● **Task directions**
Give every line of the records exactly, please, from the first up to and including the one containing "علاج نتف الشعر".

● **The data**

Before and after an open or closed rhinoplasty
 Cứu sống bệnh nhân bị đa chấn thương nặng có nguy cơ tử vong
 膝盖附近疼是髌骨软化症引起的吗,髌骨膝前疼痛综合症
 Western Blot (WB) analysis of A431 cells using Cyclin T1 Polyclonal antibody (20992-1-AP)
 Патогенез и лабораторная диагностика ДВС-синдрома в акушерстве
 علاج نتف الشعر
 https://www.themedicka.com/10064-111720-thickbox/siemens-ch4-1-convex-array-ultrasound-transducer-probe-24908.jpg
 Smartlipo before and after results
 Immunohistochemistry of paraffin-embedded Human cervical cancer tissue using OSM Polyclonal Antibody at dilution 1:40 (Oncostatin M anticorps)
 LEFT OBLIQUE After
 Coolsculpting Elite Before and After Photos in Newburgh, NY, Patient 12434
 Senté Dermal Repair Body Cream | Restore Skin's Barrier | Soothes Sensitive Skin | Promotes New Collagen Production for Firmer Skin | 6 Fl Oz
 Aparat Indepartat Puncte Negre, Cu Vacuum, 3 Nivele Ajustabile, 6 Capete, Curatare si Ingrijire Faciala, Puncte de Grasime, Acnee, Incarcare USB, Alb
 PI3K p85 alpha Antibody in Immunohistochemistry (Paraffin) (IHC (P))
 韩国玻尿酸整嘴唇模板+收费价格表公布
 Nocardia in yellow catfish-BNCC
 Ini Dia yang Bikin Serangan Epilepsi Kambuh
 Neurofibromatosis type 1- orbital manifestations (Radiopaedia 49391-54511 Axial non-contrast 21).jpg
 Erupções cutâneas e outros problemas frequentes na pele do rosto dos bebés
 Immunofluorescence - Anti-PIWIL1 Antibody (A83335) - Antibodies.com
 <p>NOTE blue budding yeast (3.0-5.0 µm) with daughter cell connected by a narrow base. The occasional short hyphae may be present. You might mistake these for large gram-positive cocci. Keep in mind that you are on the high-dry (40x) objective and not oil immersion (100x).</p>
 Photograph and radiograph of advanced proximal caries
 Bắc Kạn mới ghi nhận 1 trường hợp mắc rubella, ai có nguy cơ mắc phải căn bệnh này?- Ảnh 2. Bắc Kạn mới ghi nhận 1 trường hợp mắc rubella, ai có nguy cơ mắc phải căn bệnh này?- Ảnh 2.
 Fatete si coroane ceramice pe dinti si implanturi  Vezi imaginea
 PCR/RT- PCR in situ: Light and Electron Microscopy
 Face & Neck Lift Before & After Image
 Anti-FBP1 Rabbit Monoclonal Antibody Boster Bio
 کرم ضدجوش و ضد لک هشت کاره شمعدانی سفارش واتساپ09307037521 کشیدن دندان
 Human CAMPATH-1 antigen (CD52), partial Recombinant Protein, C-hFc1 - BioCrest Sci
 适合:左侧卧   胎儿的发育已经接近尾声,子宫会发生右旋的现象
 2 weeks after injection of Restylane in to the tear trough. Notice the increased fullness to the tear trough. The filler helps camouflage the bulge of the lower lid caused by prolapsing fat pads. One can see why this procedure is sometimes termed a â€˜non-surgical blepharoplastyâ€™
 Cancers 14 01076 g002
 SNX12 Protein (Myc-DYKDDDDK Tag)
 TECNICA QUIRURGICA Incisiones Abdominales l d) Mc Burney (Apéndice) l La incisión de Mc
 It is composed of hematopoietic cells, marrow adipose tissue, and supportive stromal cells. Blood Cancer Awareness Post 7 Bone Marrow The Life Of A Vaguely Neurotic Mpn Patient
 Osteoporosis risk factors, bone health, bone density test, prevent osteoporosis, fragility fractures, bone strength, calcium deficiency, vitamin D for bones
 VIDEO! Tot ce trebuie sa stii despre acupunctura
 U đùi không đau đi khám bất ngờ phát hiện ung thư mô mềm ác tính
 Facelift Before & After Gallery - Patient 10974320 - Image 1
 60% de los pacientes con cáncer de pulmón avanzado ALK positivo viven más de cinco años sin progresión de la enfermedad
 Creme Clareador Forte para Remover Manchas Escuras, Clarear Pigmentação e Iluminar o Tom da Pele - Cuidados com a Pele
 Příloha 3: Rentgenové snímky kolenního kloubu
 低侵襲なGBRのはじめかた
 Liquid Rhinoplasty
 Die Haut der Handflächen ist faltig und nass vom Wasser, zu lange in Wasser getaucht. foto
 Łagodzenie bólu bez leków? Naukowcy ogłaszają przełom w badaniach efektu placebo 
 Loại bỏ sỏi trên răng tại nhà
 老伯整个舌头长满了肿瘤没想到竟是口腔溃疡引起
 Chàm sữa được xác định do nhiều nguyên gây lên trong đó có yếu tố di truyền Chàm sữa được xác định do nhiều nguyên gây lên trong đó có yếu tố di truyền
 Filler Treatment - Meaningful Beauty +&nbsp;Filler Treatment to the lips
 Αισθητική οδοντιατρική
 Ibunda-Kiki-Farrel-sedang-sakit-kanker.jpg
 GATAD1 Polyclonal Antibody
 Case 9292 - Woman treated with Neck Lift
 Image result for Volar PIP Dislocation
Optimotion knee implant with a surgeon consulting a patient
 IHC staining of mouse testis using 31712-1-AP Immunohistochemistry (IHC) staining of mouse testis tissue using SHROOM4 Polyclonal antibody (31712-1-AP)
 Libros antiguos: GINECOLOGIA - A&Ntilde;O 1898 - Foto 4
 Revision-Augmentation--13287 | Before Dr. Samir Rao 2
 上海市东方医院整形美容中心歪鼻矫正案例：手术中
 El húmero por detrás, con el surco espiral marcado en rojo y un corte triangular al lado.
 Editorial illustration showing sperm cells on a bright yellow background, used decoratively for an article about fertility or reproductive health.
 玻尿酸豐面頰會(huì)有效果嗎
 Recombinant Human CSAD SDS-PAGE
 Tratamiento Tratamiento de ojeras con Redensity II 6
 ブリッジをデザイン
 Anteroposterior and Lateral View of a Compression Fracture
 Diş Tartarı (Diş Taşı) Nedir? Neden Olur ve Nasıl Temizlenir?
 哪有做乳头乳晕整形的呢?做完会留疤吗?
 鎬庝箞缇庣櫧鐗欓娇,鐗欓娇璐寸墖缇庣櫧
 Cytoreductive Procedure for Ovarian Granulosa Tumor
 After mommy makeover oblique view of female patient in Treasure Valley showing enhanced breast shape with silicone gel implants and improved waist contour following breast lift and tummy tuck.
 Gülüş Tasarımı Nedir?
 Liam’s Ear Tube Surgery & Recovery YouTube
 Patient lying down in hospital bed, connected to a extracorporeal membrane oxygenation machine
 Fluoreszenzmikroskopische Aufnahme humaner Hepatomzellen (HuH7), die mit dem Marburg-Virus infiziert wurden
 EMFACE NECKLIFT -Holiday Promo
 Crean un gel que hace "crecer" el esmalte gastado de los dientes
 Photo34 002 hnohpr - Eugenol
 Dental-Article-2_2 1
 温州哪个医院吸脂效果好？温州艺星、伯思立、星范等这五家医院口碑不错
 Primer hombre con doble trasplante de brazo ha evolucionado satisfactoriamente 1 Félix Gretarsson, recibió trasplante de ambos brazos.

● **Answer to this problem**
Before and after an open or closed rhinoplasty
 Cứu sống bệnh nhân bị đa chấn thương nặng có nguy cơ tử vong
 膝盖附近疼是髌骨软化症引起的吗,髌骨膝前疼痛综合症
 Western Blot (WB) analysis of A431 cells using Cyclin T1 Polyclonal antibody (20992-1-AP)
 Патогенез и лабораторная диагностика ДВС-синдрома в акушерстве
 علاج نتف الشعر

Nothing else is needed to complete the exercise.